Gradually, the idea of internal noise and signal detection models were accepted in visual search studies (Kinchla,
1974; Shaw,
1980). In these studies, proportion correct is a usual measure of performance, and the main question is about processing capacity limitations, rather than parallel–serial dichotomy. It was realized that some impairment of performance with increasing set size can be explained by the integration of increasing number of noisy signals, and is expected even without any capacity limitations. In 1990s it was shown by several researchers (Palmer, Ames & Lindsey,
1993; Palmer,
1994; Foley & Schwarz,
1998) that search for a difference in simple features like orientation, size, contrast, or color is consistent with unlimited processing capacity. Eckstein (
1998) demonstrated that an unlimited capacity signal detection theory (SDT) model can explain set-size effects in conjunction search as well.

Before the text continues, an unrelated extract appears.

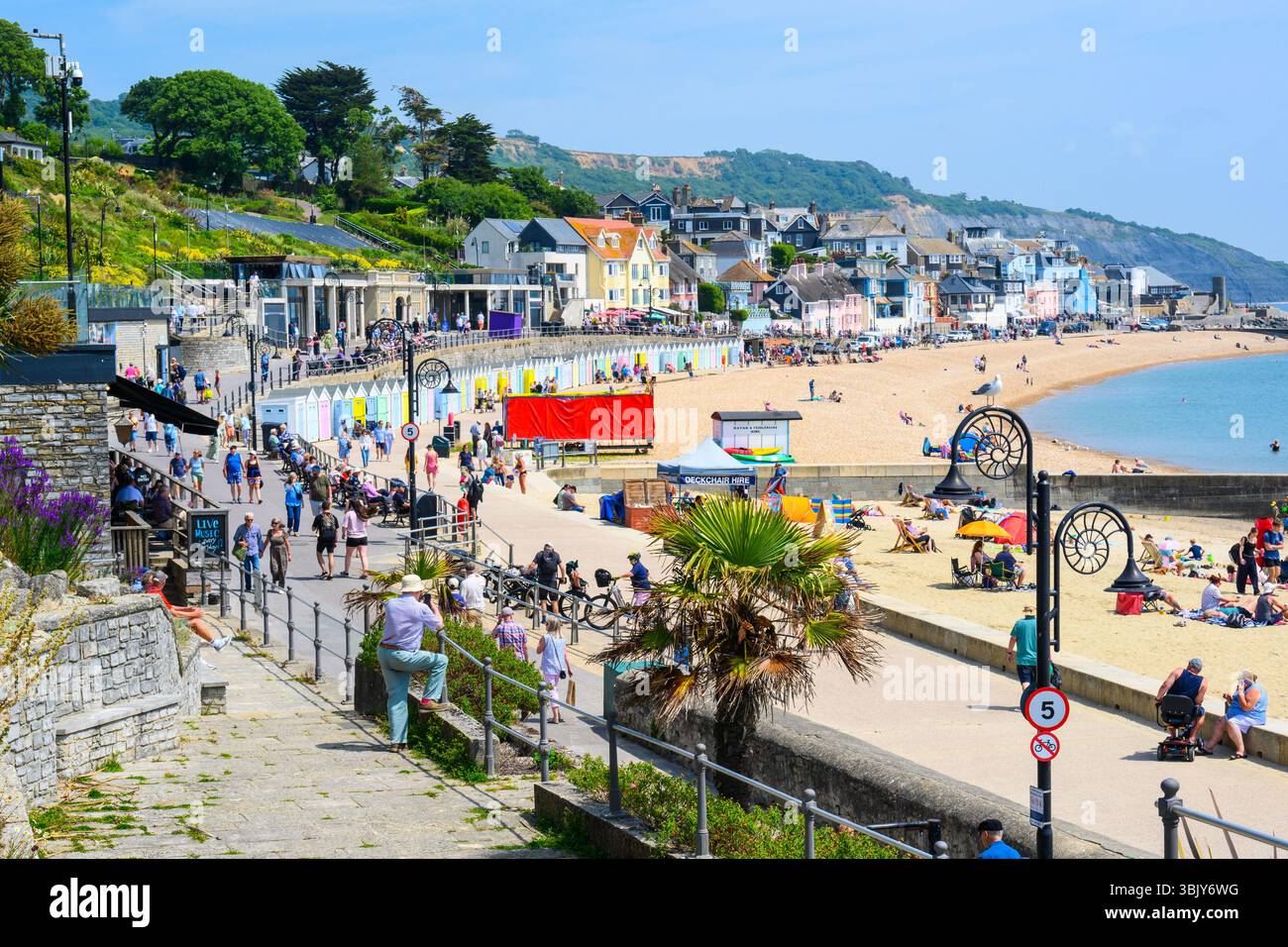 Lyme Regis, Dorset, Regno Unito. 17 giugno 2025. Meteo nel Regno Unito. I visitatori e la gente del posto si sono crogiolati al sole bollente nella località balneare di Lyme Regis. Le temperature sono destinate ad aumentare verso il fine settimana con la prima ondata di caldo dell'anno prevista. Crediti: Celia McMahon/Alamy Live News Foto Stock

Still, there are other combinations of visual features that definitely do not fit this model. Shaw (
1984) found that search for letters is not consistent with unlimited capacity. Põder (
1999) and Palmer, Fencsik, Flusberg, Horowitz, and Wolfe (
2011) have shown that search for a target defined by a relative position (or a spatial configuration) of simple features fits best to a strict limited capacity model. Not surprisingly, search for even more complex objects (words, 3D object categories) is also consistent with fixed capacity models (Scharff, Palmer, & Moore,
2011,
2013). Gilden, Thornton, and Marusich (
2010) have argued that search for certain types of relative-position stimuli conforms to a serial model.